= Organ recital =

An organ recital is a concert at which music specially written for the organ is played.

The music played at such recitals is typically written for pipe organ, which includes church organs, theatre organs and symphonic organs (also known as concert organs). Increasing restoration of theatre and cinema organs (such as the Wurlitzers) also allows current performances of many pieces that can only be played on theatre organs.

==History==
Recitals appear to have arisen from playing before and after religious services. In 19th-century synagogues, organs appeared before their use in services was allowed; instead their purpose was to give concerts before the sundown Shabat service. Sweelinck's duties included the giving of extra-liturgical concerts in Amsterdam's Oude Kerk.

== Logistics ==
Pipe organs are not, in general, portable instruments. The venues for organ recitals using those instruments are thus the churches, theatres, or halls where the organs are housed. Some instruments of about a century ago were built to be listened to while strolling, such as those at the Wanamaker department store in Philadelphia or the museum of San Francisco's Palace of the Legion of Honor, which is not heard to best advantage from any one spot.

However, with some organs the console is portable to a limited extent (such as, for example, being attached to a platform that can be raised or lowered, which is often the case for theatre organs, but less often the case for church organs, with some exception, like the Crystal Cathedral organ in California. Where this is the case, the console is moved for the recital so that the audience can see the organist playing.

== Notable venues and recitals ==

The Wanamaker Organ is played twice daily, Monday through Saturday, free of charge, for patrons and those who visit Macy's Department Store in the Wanamaker Building in Philadelphia. The Grand Court Organist is Peter Richard Conte, and when he is touring, assistant organists perform to ensure the organ is played every day.

The Dane and Polly Bales Organ Recital Hall at the University of Kansas was specifically constructed for organ recitals.

The Harvard Organ Society holds regular organ recitals at the Adolphus Busch Hall.

The Temple Square Organ Recitals show off the organs in and around Temple Square, including the Salt Lake Tabernacle organ (most often in the Tabernacle) others are the LDS Conference Center organ and the Salt Lake Assembly Hall organ (occasionally). During the summer: Monday through Saturday noon and 2 pm. Sunday 2 pm. Non-summer: Monday through Saturday noon, and Sunday at 2 pm.

To show off its new concert organ, the Walt Disney Concert Hall held a series of organ recitals in 2004 and 2005. There is now a regular season of organ recitals at the venue featuring famous classical organists from around the world.

In Hollywood, California, the historic El Capitan Theater (also owned by the Disney company) showcases its Wurlitzer Organ regularly before its scheduled shows and movie showings. Organ recitals preceding Disney shows usually consist of Disney Favorites and Show Tunes, but well-known theater organ greats occasionally visit to do special shows at the theater, such as Bob Ralston of Lawrence Welk fame. Mr. Ralston also hosts organ recitals at his home in Granada Hills.
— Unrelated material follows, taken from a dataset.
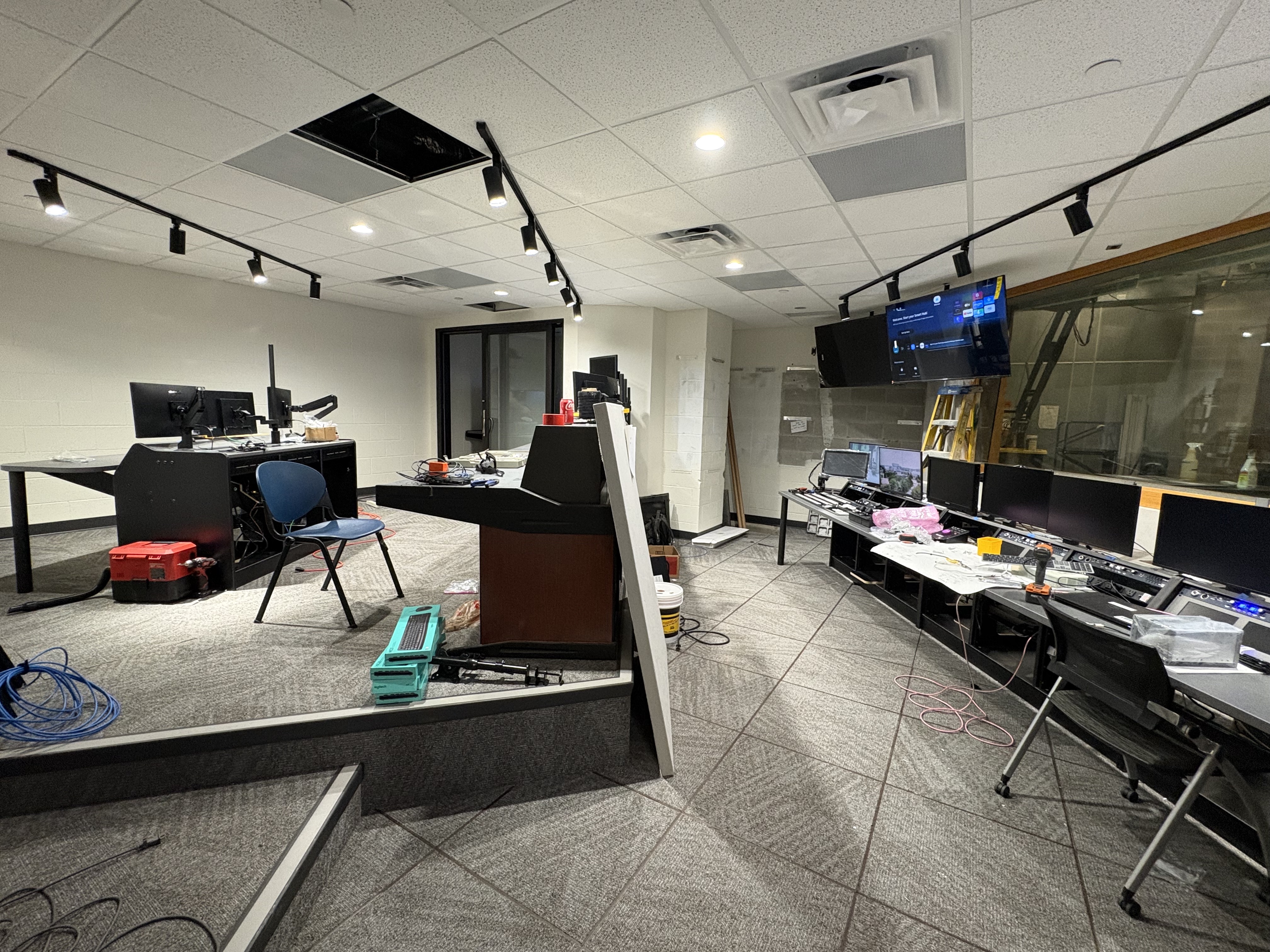 production studio under renovation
Also in California, the Orange County Theater Organ Society hosts frequent theater organ recitals at the Plummer Auditorium in Fullerton, featuring its own original Wurlitzer pipe organ from 1930. As part of its season, some of these recital programs also include a silent film accompanied by the theater organ, to provide a complete experience the way it was originally intended. A long list of accomplished organists regularly frequent the Plummer, including Chris Elliot and the inimitable Bob Ralston.

While world-famous organist Frederick Swann was in residence at First Congregational Church in Los Angeles between 1998 and 2001, where he supervised the improvement of the organ to rival that of his former church, the Crystal Cathedral, to become the largest church organ in the world (with over 20,000 pipes), he instituted a music festival called "Organ Alive!" that featured organ recitals and concerts, collaborating with many renowned musicians to revive Los Angeles' organ music culture. The annual conference and organ series attracted people from all over the world to Los Angeles and continued in the years following Mr. Swann's retirement as principal organist of the church. Following the success of this recital series and the awareness that was revived in the city, two new significant pipe organs were commissioned in the city: that of the Disney Concert Hall and the Catholic Cathedral of Our Lady of the Angels (one block from Disney Hall).

The Los Angeles OLA Cathedral also holds weekly organ recitals on Wednesdays at 12:45 pm, following the noon mass. Follow the music link on the cathedral's website for details on artists and programs.

A performance of the complete organ works of Johann Sebastian Bach was held on November 22, 2014, at St. Peter's Lutheran Church in Manhattan. Twenty organists from The Juilliard School performed. Juilliard Organ Department Chair, Paul Jacobs, curated the eighteen-hour performance.